Quite often, the biggest challenge facing traders is themselves – not the markets. Understanding day trading psychology is essential for successful day trading.
Typically, the first time traders experience the psychological effects of trading real money, is when they hold on to a losing trade for too long.
Holding on to a losing trade for too long is something every trader will experience at one point, whether they’re successful or unsuccessful in trading the markets in the long run. No one likes to lose money; often new traders hold losing positions for too long, hoping for the best.
By now you should see the irony in what actually happens to traders.
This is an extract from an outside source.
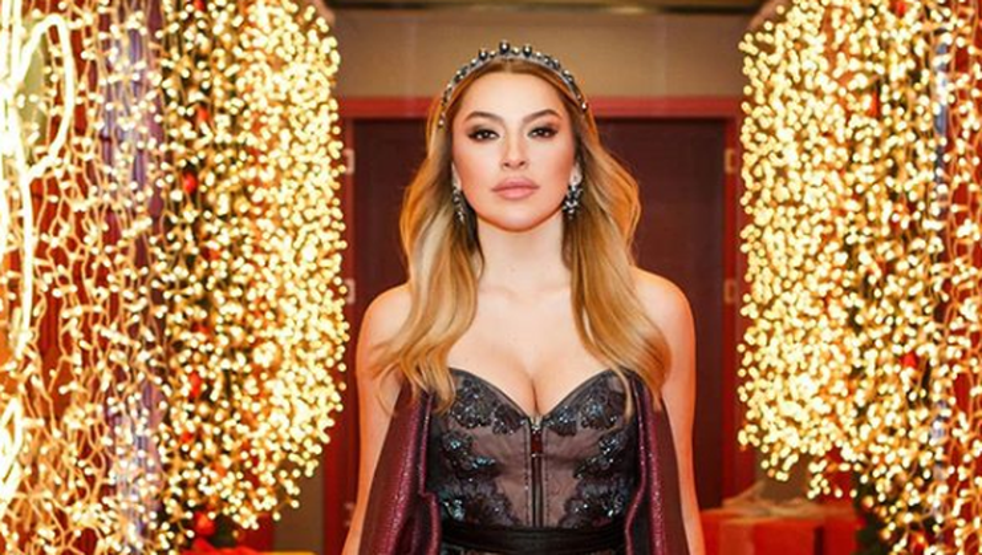 Hadise mahkemeye gitti: Takıntılı hayranına 5 ay hapis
Most of us learn the hard way; you’ll end up losing big, if you’re unable to accept a small loss.
Anything more than a small loss is unacceptable to serious traders and investors. Losing big is always a result of poor money management.
Good money management is essential to profiting in the market, and is more important finding the right trading system; in fact, you can’t make a trading system work consistently without it.
Day Trading Psychology 101: Losing Gracefully
If you plan to only win… well, you’re too optimistic for starters. Everyone loses in trading, including professionals. The trick is to learn to lose small; that’s where money management comes into play.
Good money management is trading within your risk tolerance, budgeting, and generally managing your risk in a way that is profitable. For now I’ll focus on risk tolerance, or how much you are willing to risk per trade. Once you understand your personal risk tolerance, stick to that amount of exposure consistently.
If you are willing to risk 2% per trade, then risk that on every trade; no more or less. One quick way to blow out your account is to vary your risk from trade to trade.
When you get serious about trading, you will also need to start tracking and analyzing your trading with a trading journal. You will want to track and analyze the drawdown of your trading systems, and adjust your risk tolerance accordingly.
Risking to much per trade on a trading system with large drawdown periods can deplete your account just as efficiently as trading with no system at all.
Demo Accounts vs. Live Trading
Using a demo account or “paper trading” can be a valuable training tool. It can be used for testing new trading strategies and test trading during periods of drawdown, among other things.
It has been said that you can’t really learn trading until you’re trading with real money. As good as demo accounts are for training, demo trading has its shortcomings.
There is a sense of emotional detachment when demo trading; you will never fully understand the psychological trials of trading with real money, until you have the chance to really lose it.
Dr. Barry Burns, of Top Dog Trading, recommends demo trading your method successfully for at least six months before going live. I tend to agree with this strategy, as anyone can go on a lucky winning streak.
Being consistent is the key. After all, what’s the point of opening a trading account if you don’t expect to profit? Once you have a comfortable grasp of your trading system, as well as your day trading psychology, only then should you open a live trading account.